Apropos Schaukasten. Das Bild trägt auch noch weiter, ganz im Sinne der zuvor bezeichneten „Alltagsdurstigkeit“ seiner farbgesättigten Bilder: das Vergangene und das Gegenwärtige gerinnt zu einer Szene in einem Schaukasten-Theater des Alltags, mit der wir als Betrachter lebensgroß in einem Bildgegenüber konfrontiert sind.
Bergmann mag nicht auf Leinwand malen, die gibt ihm einfach zu sehr nach. Er benötigt den Widerstand des „Gegenübers“ der Malfläche, die er zuweilen mit Pinsel oder Ölkreide regelrecht traktiert. Die Malaktionen sind durchaus zu sehen. Die Fläche erweist sich nicht selten als ein Schlachtfeld heftiger Aktionen, bei der es häufig zu Übermalungen kommt.
Nachdem der Betrachter von dem „süßen Honig“ des für ihn Erkennbaren angelockt ist, folgt der zweite Blick auf das Bild. Für Rainer Bergmann ist die Welt der Dinge kein Universum von Formen, die erscheinen, sondern von Bedeutungen, die sich offenbaren. Er versucht die Rätsel und Nicht-Sinnhaftigkeiten erfahrbar werden zu lassen, welche sich hinter dem Schleier des Sichtbaren verbergen. Alle Gegenstände werden zu Zeichen eines visuellen Vokabulars; befreit von ihrer konventionellen Bedeutung und a-logisch kombiniert. Da fragt sich der Betrachter dann, was das Collosseum, das in Rom zu stehen hat, in Palermo zu suchen hat? So vermögen sie poetische Momente zu evozieren und sprachlich nicht faßbare Intuitionen zu artikulieren. Das Denken wird direkt in eine bildliche Sprache transformiert.

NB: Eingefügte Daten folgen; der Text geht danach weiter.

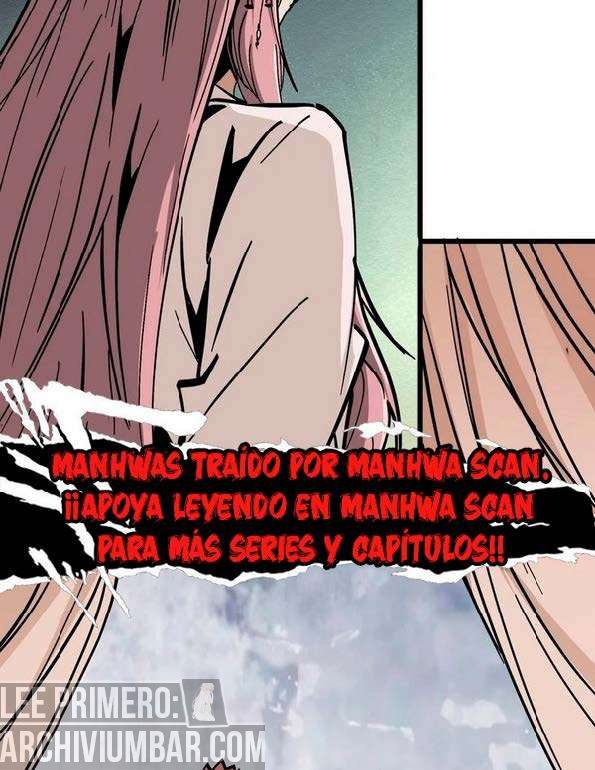 Hada, por favor, escucha mi explicación — Capítulo 31 — 38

Der Frankfurter Maler Thomas Bayerle sagte einmal: „Kunst existenziell ausüben heißt, den „automatischen Körper“ bejahen, mehr schwitzen – weniger „Hirnfick!“ – den body in die Mitte schieben, ihn nicht nur als Trägerrakete sehen für „schöne Ideen“. Dieses Schwitzen wünsche ich ihnen nun, wenn sie durch die Ausstellung rennen. Wenn sie rote Punkte an der Titeleien sehen, ist diese Arbeit leider schon verkauft. Und übrigens, lieber Herr: Ein „Junger Wilder“ kennt kein Alter. Danke für diese Ausstellung.